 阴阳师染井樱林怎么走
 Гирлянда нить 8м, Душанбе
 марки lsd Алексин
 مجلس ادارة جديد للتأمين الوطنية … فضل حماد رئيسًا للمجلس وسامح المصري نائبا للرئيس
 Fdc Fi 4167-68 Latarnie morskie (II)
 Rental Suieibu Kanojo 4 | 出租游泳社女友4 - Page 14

■ ■ ■ ■ ■ ■ ■

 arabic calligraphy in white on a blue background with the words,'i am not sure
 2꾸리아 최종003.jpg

■ ■ ■ ■ ■ ■ ■

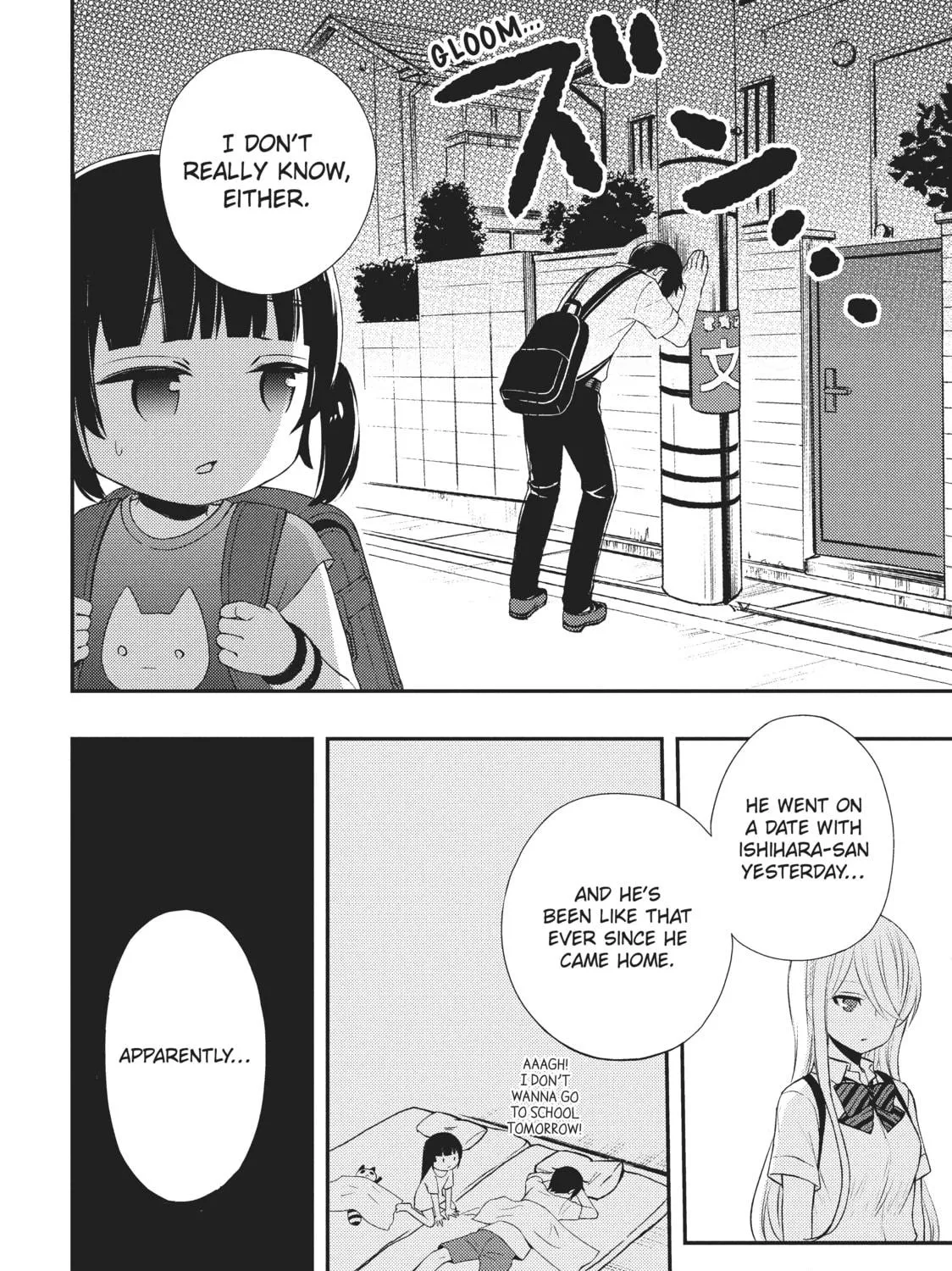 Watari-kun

■ ■ ■ ■ ■ ■ ■

__EXERCISE OBJECTIVE__
Out of the data above, give again only the lines starting at the one holding "arabic calligraphy in" and ending at the one holding "2꾸리아 최종003.jpg", unchanged.

__WRITTEN RESPONSE__
 arabic calligraphy in white on a blue background with the words,'i am not sure
 2꾸리아 최종003.jpg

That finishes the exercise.